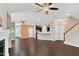 Open-concept living area with dark hardwood floors and seamless transition to the kitchen at 425 Summit Trail Dr, Hillsborough, NC 27278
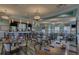 Community restaurant with bar, dining tables, chairs, and modern lighting at 661 Drop Shot Dr, Davenport, FL 33896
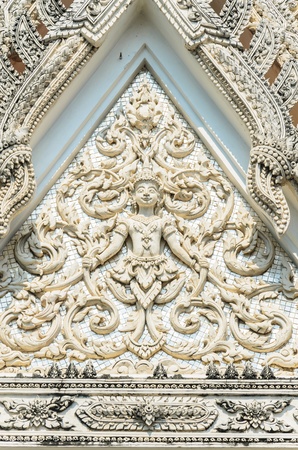 Tradition thai stone at the wall of temple.の写真素材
++++
§ **The problem**:
Beginning with the line containing "Community restaurant with" and ending with the last line of the data, output those lines exactly and nothing more. Omit every picture.

§ **Task solution**:
 Community restaurant with bar, dining tables, chairs, and modern lighting at 661 Drop Shot Dr, Davenport, FL 33896
 Tradition thai stone at the wall of temple.の写真素材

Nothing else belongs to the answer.